I haven’t had cooking gas since I moved into our new apartment last Tuesday. I waited one week for the gas man to come, and even scheduled my Fresh Direct (an online grocery company) delivery to coincide with The Big Day.

When the National Grid guy got here this morning, the basement door, which had been flung wide open every day since I arrived, was padlocked shut. My landlord wasn’t picking up his phone. With no access to the gas meter, the gas man packed up his tools and drove away.

Just as his van was turning the corner, my landlord returned my call and promised to be right over.
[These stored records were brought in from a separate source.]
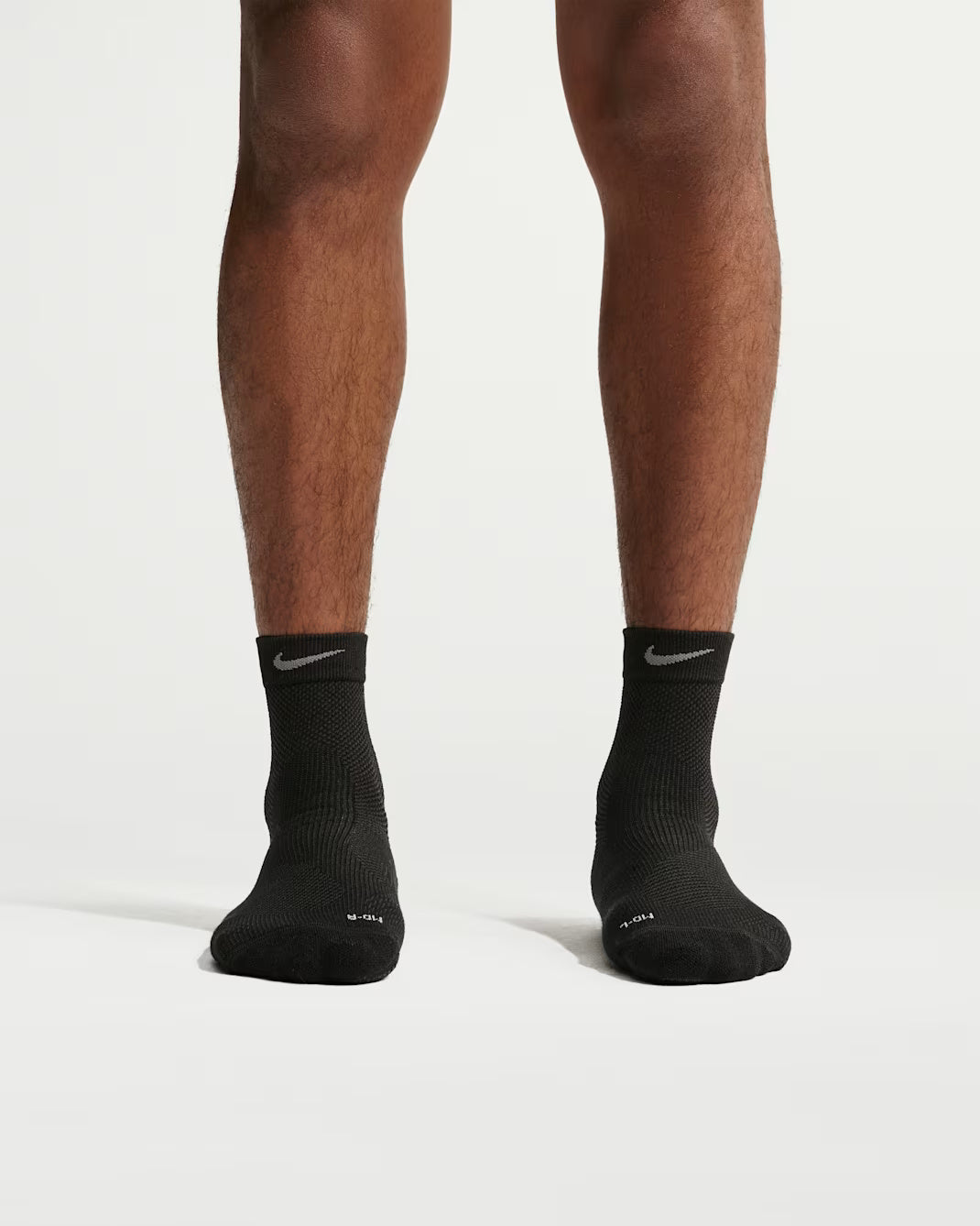 Nike Running Lightweight Micro Crew Socks (1 Pair) - Black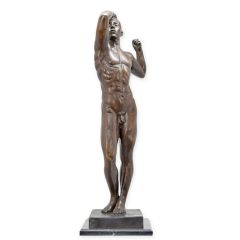 Bonzen beeld van Adam - Hoogte 91 cm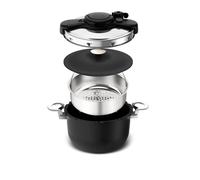 Tefal P4810731 Clipso Tempo 3-En-1, Cocotte-Minute, Faitout, Utilisation Possibl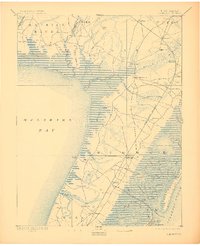 1894 Map of Dennisville, 1910 Print
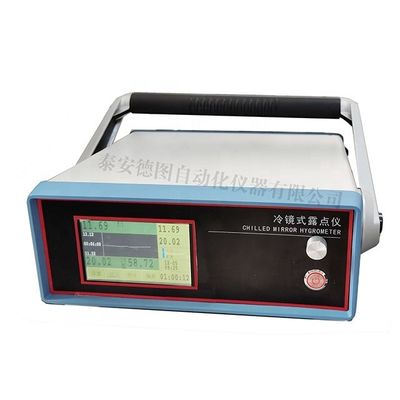 Medidor de punto de rocío de espejo refrigerado con soporte ODM personalizado y suministro de energía de 50/60Hz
I got the gas company on the phone and begged them to send their man back.

Not only was it too late, they told me, but the next available slot was on July 16. That is, two weeks from today, and a full twenty-one days since I’d first made the appointment.

At this point, I did what any self-respecting adult woman and food blogger would do: I started to cry.

“Please don’t cry, ma’am! Let me see what I can do.”

The operator re-emerged after six minutes of muzak to offer me an appointment on July 8. It wasn’t ideal, but it was better than the alternative. As he rattled through the standard confirmation patter, one question stood out:

“Would you like the engineer to call you before he arrives?”

Call me? I answered yes to that question when I made the first appointment! If your guy had actually called me, I would have been able to get my landlord to unlock the basement! I wouldn’t be crying on the phone with you, I’d be baking my third batch of patriotic cupcakes in preparation for the holiday bloody weekend!”

“He didn’t call you, ma’am? I’m so sorry that happened. Hold on just a moment.”

[sniffle]

“Once again, I’m sorry for the inconvenience. We will have someone at your house tomorrow morning.”

If it were 1998, I might imbed a MIDI file of “Ding Dong Merrily On High” and maybe throw in a couple of animated GIFs of angels blowing horns. Instead, you’re getting a Youtube link to the aforementioned hymn being performed by an outfit named Celtic Woman, who are sort of like a cross between The Corrs and the Playmate aesthetic, and not at all like any Celtic woman I ever met in my four years in Scotland.

While I’ve been writing this, my Fresh Direct delivery arrived. The corn, the cantaloupe and the sweet sausage will just have to wait until tomorrow. As for tonight’s meal, I guess I’ll have to suck it up and let my boyfriend take me out for dinner!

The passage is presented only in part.